Experimental, numerical and theoretical analysis of energy absorption process by aluminum profile with H-shaped thin-walled cross section

This article investigates energy absorption capacity and plastic deformation trend of lateral flattening of an aluminum profile with H-shaped cross section under the quasi-static lateral loading by experimental, numerical and theoretical methods. Samples were prepared with different lengths and three different filling conditions including empty, core-filled and perfectly-filled by polyurethane foam. In addition, samples with the same geometry and filling conditions were laterally compressed with loading angles of 0 and 90 degree.
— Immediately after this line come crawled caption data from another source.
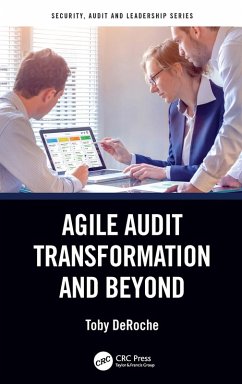 Agile Audit Transformation and Beyond (eBook, PDF) - Deroche, Toby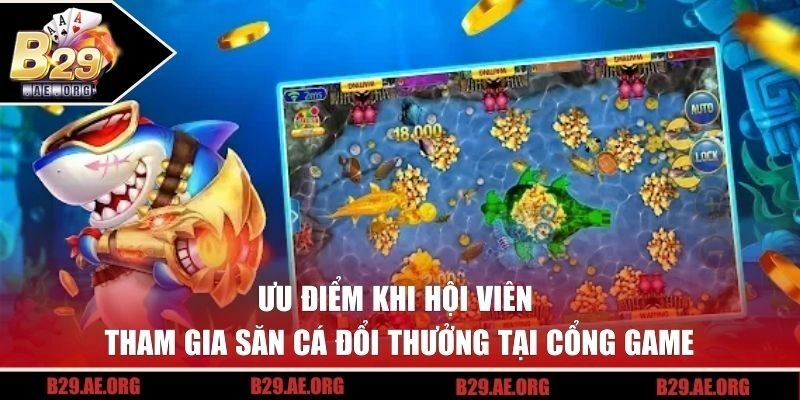 Ưu điểm khi hội viên tham gia săn cá đổi thưởng tại cổng game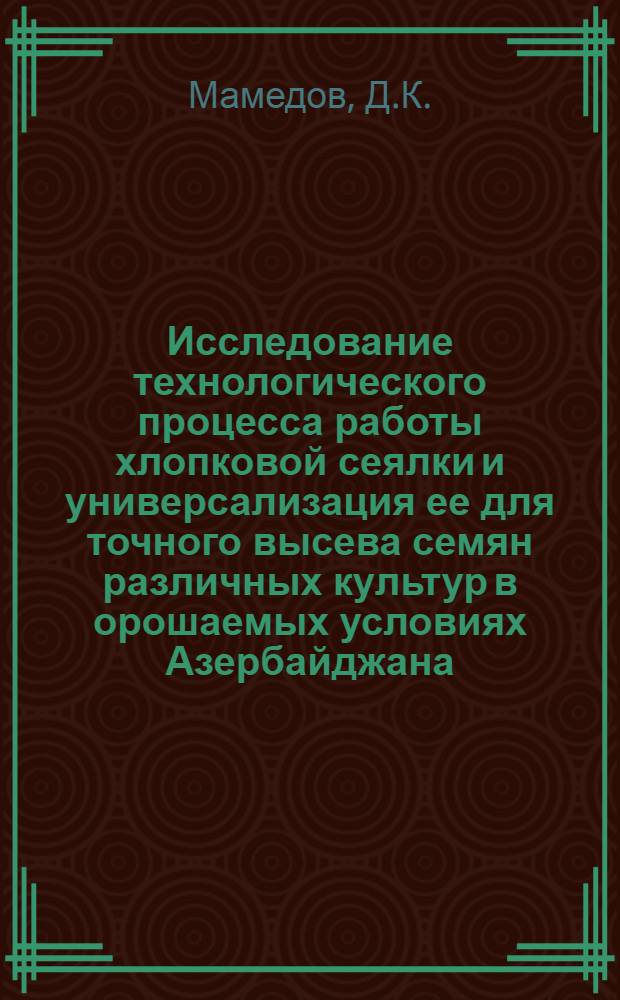 Исследование технологического процесса работы хлопковой сеялки и универсализация ее для точного высева семян различных культур в орошаемых условиях Азербайджана : Автореферат дис. на соискание ученой степени кандидата технических наук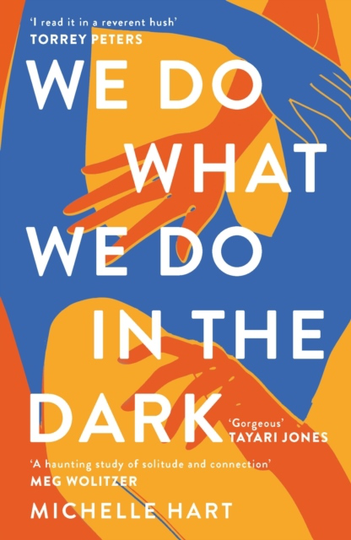 We Do What We Do In The Dark - 'a Haunting Study Of Solitude And Connection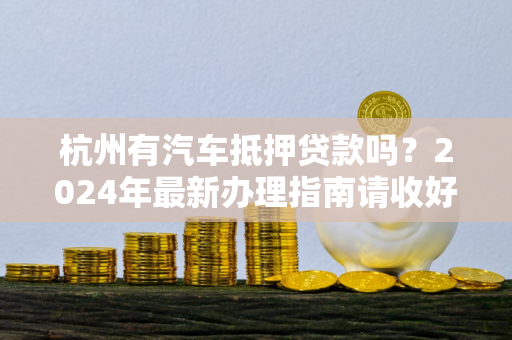 杭州有汽车抵押贷款吗?2024年最新办理指南请收好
Effect of some parameters such as length, three different filling conditions and loading angle were experimentally investigated on lateral force and specific absorbed energy (SAE). The results show that SAE is independent of samples length. At the loading angle of 90 degree, presence of the filler causes increment of SAE by the structure. Using the perfectly-filled profile under the loading angle of 90 degree is the most optimum condition. Based on two different energy absorption mechanisms, a theoretical equation was derived to estimate total absorbed energy (TAE) by empty sample with loading angle of zero; and predicted results were compared with the experimental samples. Due to present limitations in preparing the samples with different geometrical dimensions, nonlinear ABAQUS software was employed. Some samples with different wall thicknesses were modeled and influence of thickness was investigated on TAE. TAE is directly correlated to the second power of wall thickness; and this relationship can be clearly understood from the theoretical equation and numerical results. High correlation of experimental, numerical and theoretical results indicates precision and accuracy of the performed research.